John and Oswald knock it out of the park again in “The Cool Bean”. This is a story that in just a few short pages hits upon a lot of important lessons in childhood. Friends may drift apart, you may not feel like you fit in or fit the label of “cool”, and real measure of being “cool” is how you treat others.

Packed with hilarious legume related puns, this book has great examples of small acts of kindness and the HUGE impacts they have on the recipients. The little bean realizes that what makes you cool isn’t your swagger, your sunglasses, or your hair. Being cool is about, “a smile at the right moment. It’s about dusting someone off, helping them up again, and pointing them in the right direction.”

Kindness Snippet Jar, by Diane Alber

This is a great story to use in the classroom or with a group of kids. A little paper snippet sees a jar full of other papers that have kindness notes written on them. The paper snippet wants to be just like them but in order to be a kindness note it needs kindness words written on it. The snippet enlists the help of other paper scraps who join together to make a mosaic of kindness notes.

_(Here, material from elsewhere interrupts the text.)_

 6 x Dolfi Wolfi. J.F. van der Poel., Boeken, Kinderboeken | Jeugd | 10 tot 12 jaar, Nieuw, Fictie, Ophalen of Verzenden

“Kindness Snippets” is a fun idea that a classroom can do. As kids do kind acts, they write it on the snippet and put it in the jar. After a kindness initiative is over the teacher and students can take out all the snippets and make a colorful mosaic of all their kindness. It becomes a beautiful reminder for the class to do kind acts.

All Are Welcome, by Alexandra Penfold & illustrated by Suzanne Kaufman

Going to school can be a frightening experience for young kids. With this book kids can not only feel welcome but see how to accept and welcome others in a kind way. Using well-written verse and beautiful pictures this book assures us that we are welcome and entreats us to welcome others. Our world is a diverse place and even with our differences we can make a society where all are welcome.

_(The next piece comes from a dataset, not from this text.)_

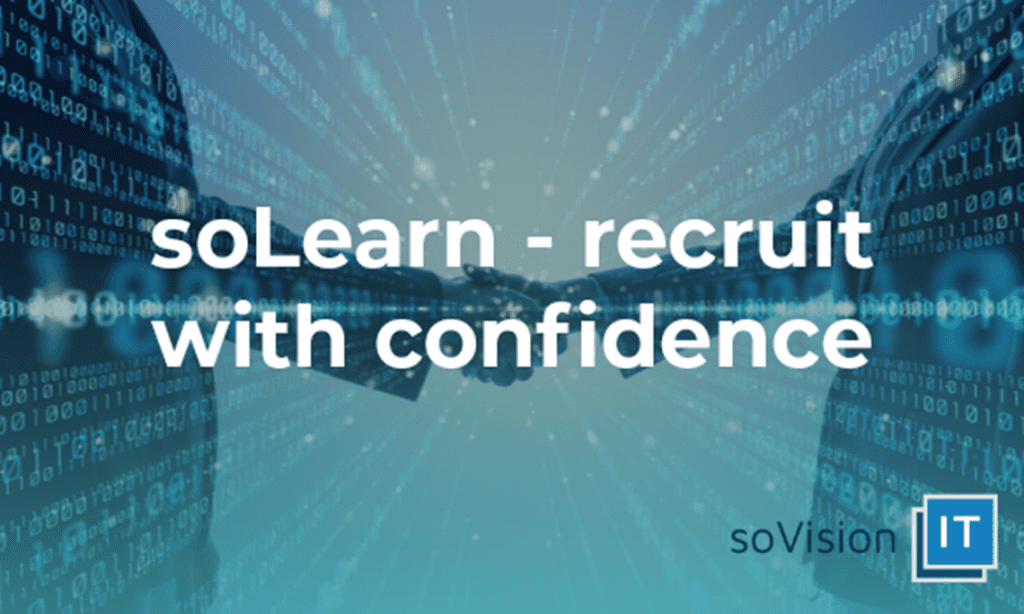 soLearn – Recruit Confidently with Our Management Tool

The Invisible Boy, by Trudy Ludwig & illustrated by Patrice Barton

This is a story that tugs at your heart. Brian is an invisible boy. Not really invisible, people just don’t notice him. He is quiet and not popular with the other kids. Even his teacher, who has to focus on other loud or whiny kids, has trouble noticing him. One day a new kid, Justin, comes to class. This new kid eats different food and looks a little different. The other kids laugh at him. Knowing how it feels to be left out Brian does a kind act and leaves a note for Justin. Justin then includes Brian in activities, and they start to become friends. With a couple of bumps in the road Brian becomes visible.

Early in the book Brian is drawn monochromatic but as he starts to make friends a tinge of color comes into his form until he is fully drawn in color like the other kids. I loved this touch that the artist added.

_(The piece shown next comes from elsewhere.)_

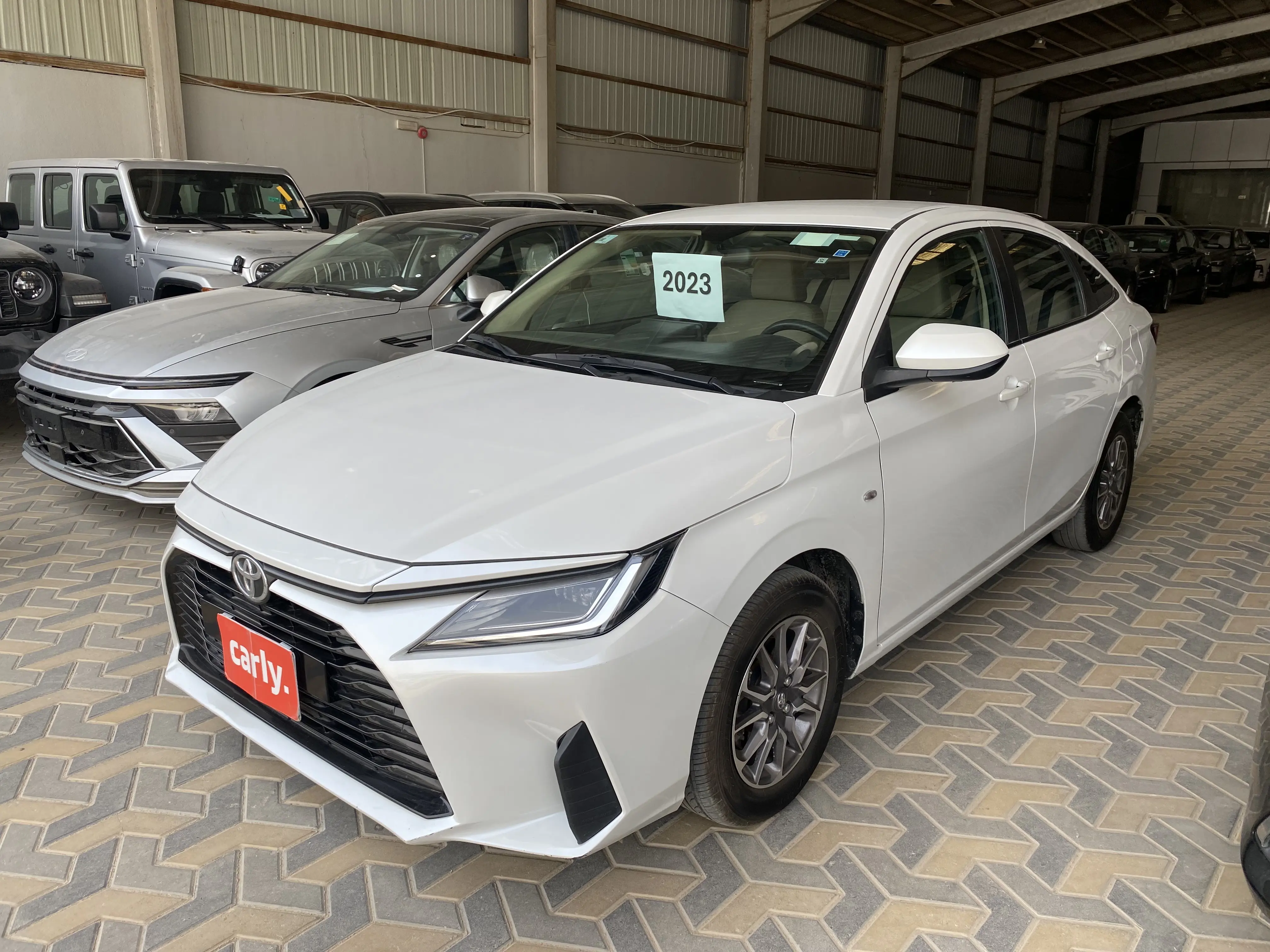 Riyadh, Vehicles, Cars & Trucks , SAR 46656,  Toyota Yaris Y,  2023,  Automatic,  129859 KM,  /Selling On Cash And Installments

This is a good book for any kid who feels invisible, and it teaches a great message to reach out and include others. It is a good story about friendship and inclusion and the benefits of reaching out to others in kindness.

The Sour Grape, by Jory John and Pete Oswald

A thin-skinned grape has become sour and holds grudges for any and all perceived slight. Grape wasn’t always this way, it used to be sweet, until one day no one showed up for Grape’s birthday party. Grape became sour and started to resent everything everyone else did. But then Grape realizes that we all have misunderstandings, and sometimes they can be our fault without us even realizing it. We need to have understanding for others and be kind. We don’t know what is going on in others’ lives and so we need to have grace and be kind.

With fun food puns and colorful illustrations Jory John and Pete Oswald give us another hit.

Can I Play Too?, by Mo Willems

Elephant and Piggie are approached by their friend Snake who wants to join in their game of catch. Then begins the difficult question, how can a Snake catch and throw a ball?

It is a heart-warming story of friendship, inclusion, accommodation, and frank acceptance of others’ differences. It shows how there is a space for everyone, even if we may be different, and that we can all be friends.